I am using solid 4 inch.

Question....how much drop in so many feet?

I plan on three tees for clean outs. Put them mid way between down spouts? Or close to each?

Pic for reference to building.
6787.jpeg
 
I do close to each. In my experience most downspouts clog at the first elbow in the ground.

Those look to be smooth commercial gutter. Means pulling them apart to clean the first section of underground pipe will be labor intensive. Can probably bust up clog from clean out if it is close by though.

Nice building. Who built it.
 
I do close to each. In my experience most downspouts clog at the first elbow in the ground.

Those look to be smooth commercial gutter. Means pulling them apart to clean the first section of underground pipe will be labor intensive. Can probably bust up clog from clean out if it is close by though.

Nice building. Who built it.
Yes one piece commercial.
Its my commercial barn!!
Champion Buildings out of North Wilksboro.

Any idea of fall per feet???

Good news is very few tall trees near by. Bad news is none make any shade.
 
Not sure on fall per ft. I run gutters all the time into drains but a lanscape/other company always does all the piping. I can ask a few pros for you though.
 
Minimum 1/8" per foot. More better
 
Minimum 1/8" per foot. More better
That matches the 1 inch in 8 feet I read earlier.

Thinking that a trencher rental is a good idea.
 
Do you have a skid steer? We used one with a trenching attachment to run a new water line 3ft deep earlier this year's at my bil's house. Was the bees knees
 
Do you have a skid steer? We used one with a trenching attachment to run a new water line 3ft deep earlier this year's at my bil's house. Was the bees knees
Negative. FIL does but not going that route.
 
You say solid 4" I would guess black corrugated pipe? Do yourself a favor and run in PVC. They even sell PVC thin wall drain pipe to save money but either way, it's so slick inside that it will not clog or build up with sediment like corrugated pipe. Also it lays flat in the trench, unlike corrugated.
Good luck on your project and nice building!
 
^^^Yeah pvc or nothing. I assumed pvc when he said solid.
 
Cleanout where it connects to the DS, 1/8"/ft min, solid PVC (bell end or regular, doesn't matter).

800SF should be fine in a 4" pipe per the NCPC, but if you can get more than 1/8", it'll have more capacity. Either way, I like to put a perf cap on the cleanout where the DS connects to the subgrade piping. It makes it easy to tell if there's a clog, and it gives the water somewhere to go if you get a real gully-washer.
 
You say solid 4" I would guess black corrugated pipe? Do yourself a favor and run in PVC. They even sell PVC thin wall drain pipe to save money but either way, it's so slick inside that it will not clog or build up with sediment like corrugated pipe. Also it lays flat in the trench, unlike corrugated.
Good luck on your project and nice building!
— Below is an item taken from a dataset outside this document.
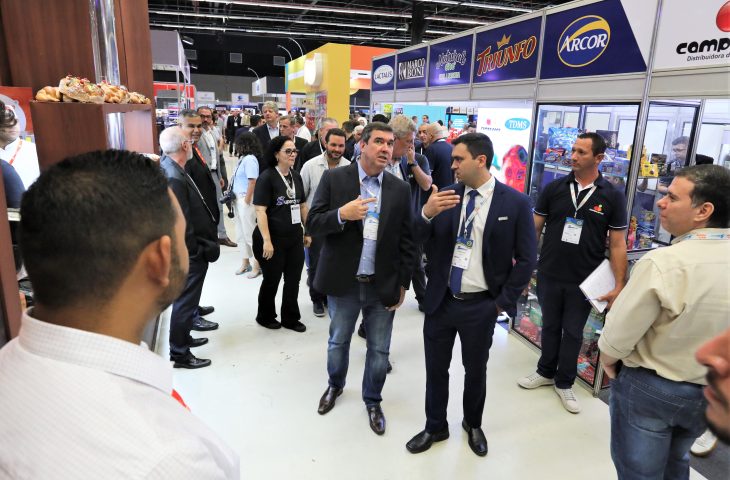 Governador prestigia feira de negócios do setor supermercadista de MS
^^^Yeah pvc or nothing. I assumed pvc when he said solid.

Yes pvc. Should have been real clear. Done had my fill of someone else's corrugated buried under another concrete slab. That stuff is for lazy crooked trenches and not much else.
 
I think you mean you'll be collecting 1600 sf worth of water.

If you're tying all the gutter spouts together I'd go with 6" or bigger. That's a lot of water in a heavy downpour.
 
I think you mean you'll be collecting 1600 sf worth of water.

If you're tying all the gutter spouts together I'd go with 6" or bigger. That's a lot of water in a heavy downpour.
That would be the whole roof.
 
If you're tying all the gutter spouts together I'd go with 6" or bigger. That's a lot of water in a heavy downpour.

A 4" lateral will accommodate 6" of rain/hour on 1,253 SF of roof area at 1/8"/ft slope. If you up it to 1/4"/ft, it'll do 1,766 SF.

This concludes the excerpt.